- **Problem description**
Skip the pictures, please, and write out exactly the lines from the opening of the data through the line containing "Grigio Usata 2008".
Start of Source material
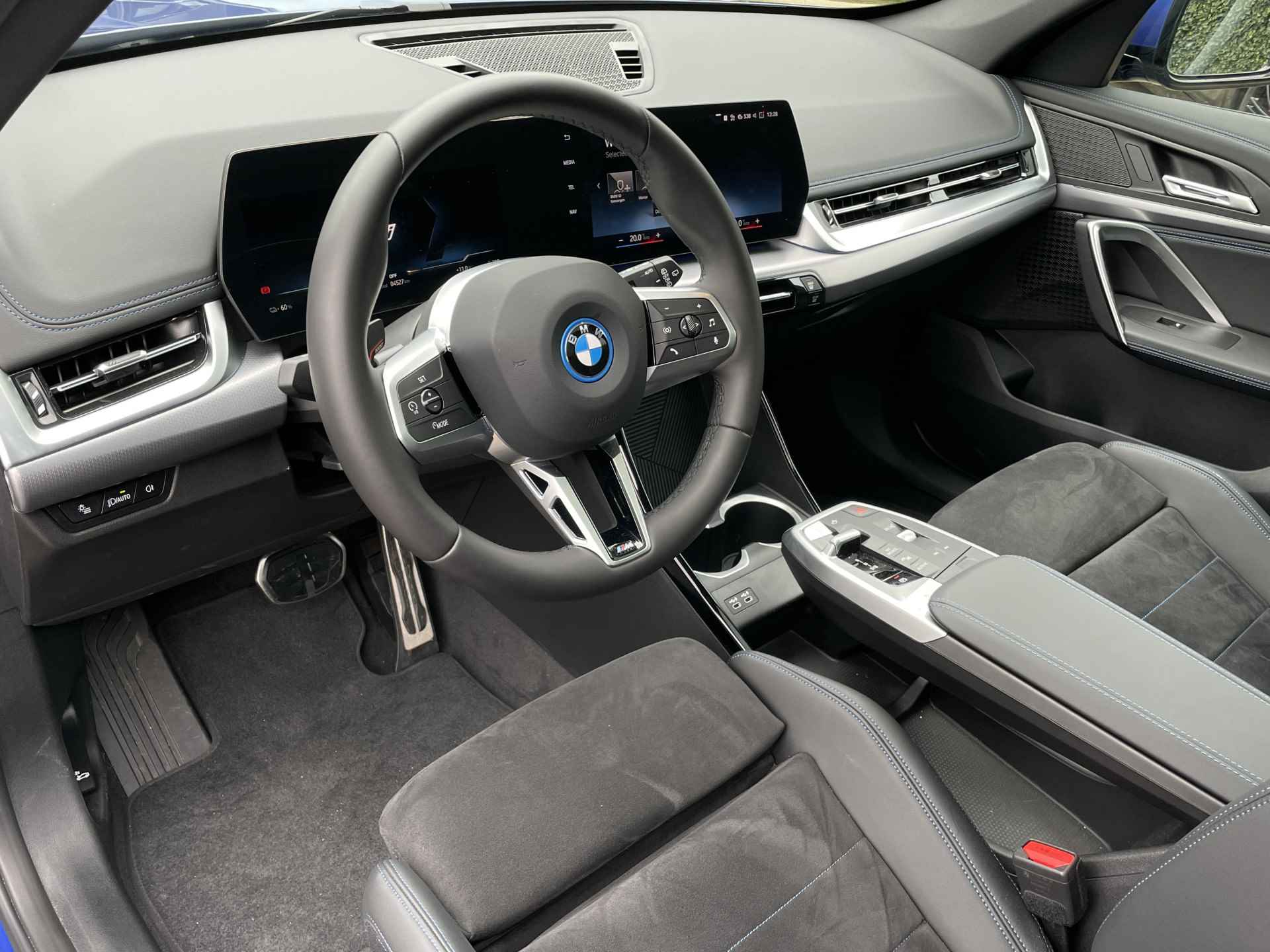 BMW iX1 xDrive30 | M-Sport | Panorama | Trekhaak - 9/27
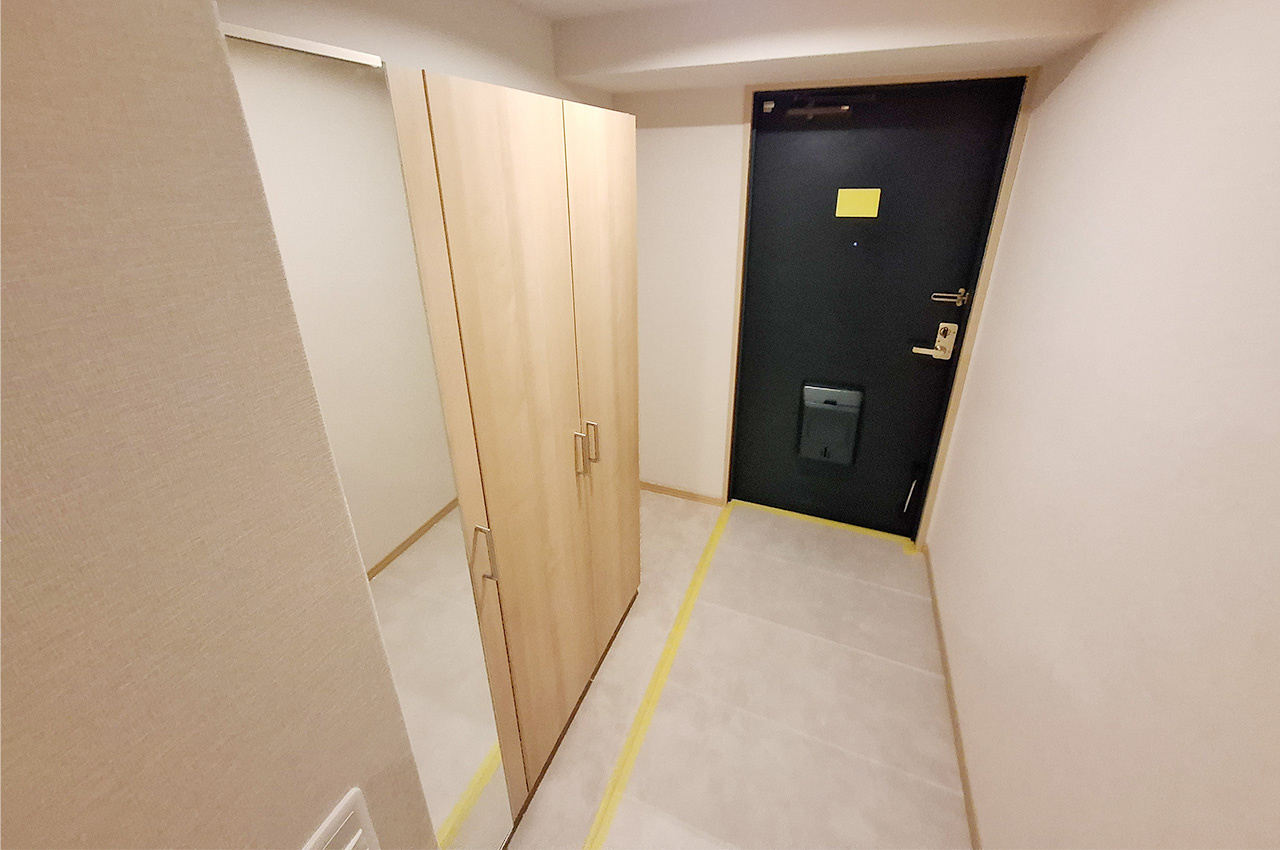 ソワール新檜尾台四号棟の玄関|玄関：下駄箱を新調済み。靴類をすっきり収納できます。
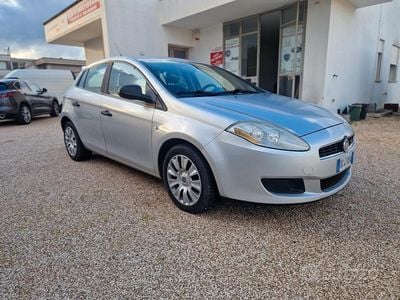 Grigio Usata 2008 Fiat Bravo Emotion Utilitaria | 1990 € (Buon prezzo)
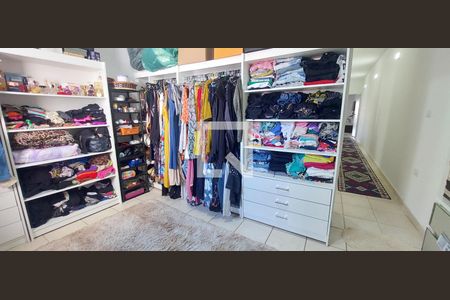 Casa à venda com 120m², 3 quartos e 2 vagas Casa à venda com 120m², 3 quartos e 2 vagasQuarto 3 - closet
End of Source material
- **Expected output**
 BMW iX1 xDrive30 | M-Sport | Panorama | Trekhaak - 9/27
 ソワール新檜尾台四号棟の玄関|玄関：下駄箱を新調済み。靴類をすっきり収納できます。
 Grigio Usata 2008 Fiat Bravo Emotion Utilitaria | 1990 € (Buon prezzo)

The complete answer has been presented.